**Task brief:** Given these entries, repeat exactly the lines starting with the one that has "Black Drawstring Waist" and going on through the one that has "Doppia G blu(7471)", both included, but none of the pictures.

**Records provided:**
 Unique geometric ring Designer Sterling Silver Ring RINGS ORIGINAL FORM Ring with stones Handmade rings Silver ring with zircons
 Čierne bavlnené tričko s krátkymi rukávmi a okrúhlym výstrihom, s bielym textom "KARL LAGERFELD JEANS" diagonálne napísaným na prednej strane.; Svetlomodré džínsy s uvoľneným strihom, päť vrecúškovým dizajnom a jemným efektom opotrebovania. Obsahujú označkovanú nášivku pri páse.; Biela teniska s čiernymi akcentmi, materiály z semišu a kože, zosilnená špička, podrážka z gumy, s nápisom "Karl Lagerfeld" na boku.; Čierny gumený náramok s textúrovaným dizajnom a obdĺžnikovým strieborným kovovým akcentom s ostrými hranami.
* * *
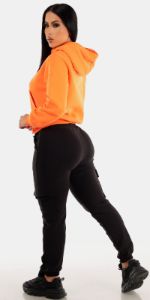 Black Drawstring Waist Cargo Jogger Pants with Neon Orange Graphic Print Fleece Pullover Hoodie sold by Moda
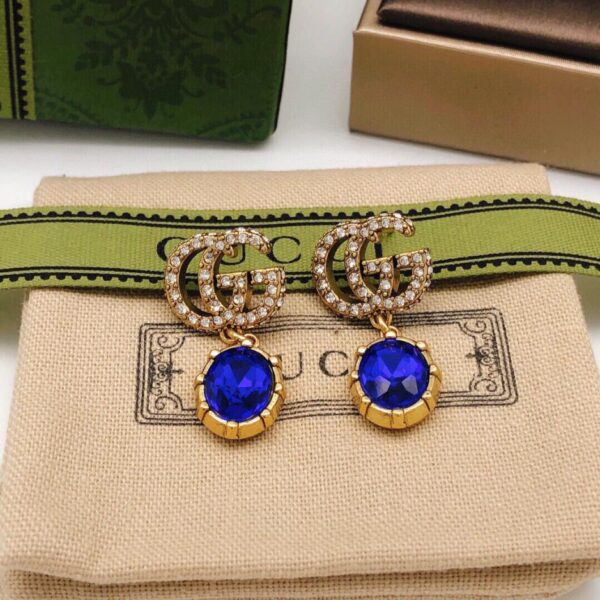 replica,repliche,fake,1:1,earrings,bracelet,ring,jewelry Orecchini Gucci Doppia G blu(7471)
...
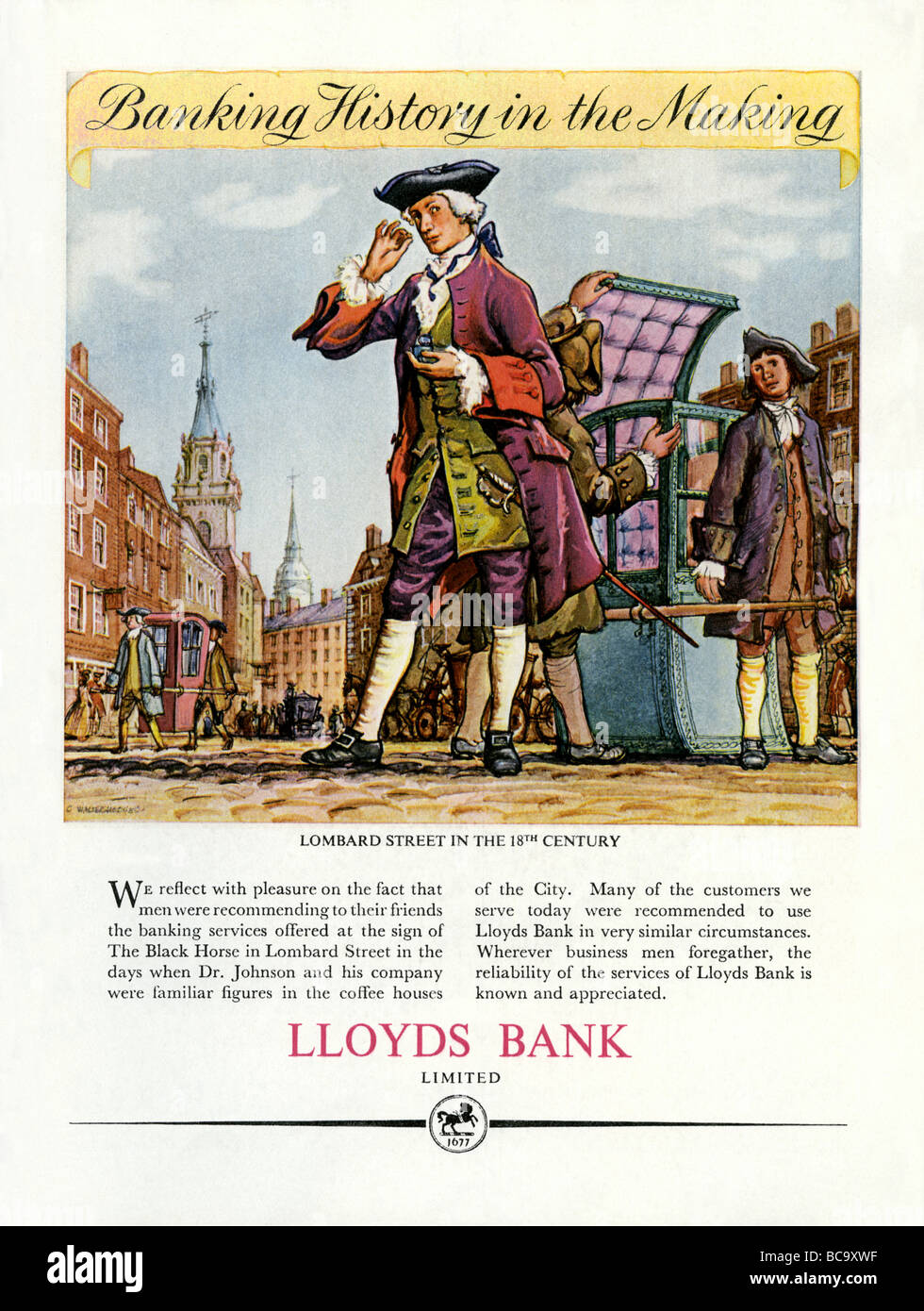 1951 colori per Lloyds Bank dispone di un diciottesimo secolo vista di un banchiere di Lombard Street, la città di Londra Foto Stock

**Your response:**
 Black Drawstring Waist Cargo Jogger Pants with Neon Orange Graphic Print Fleece Pullover Hoodie sold by Moda
 replica,repliche,fake,1:1,earrings,bracelet,ring,jewelry Orecchini Gucci Doppia G blu(7471)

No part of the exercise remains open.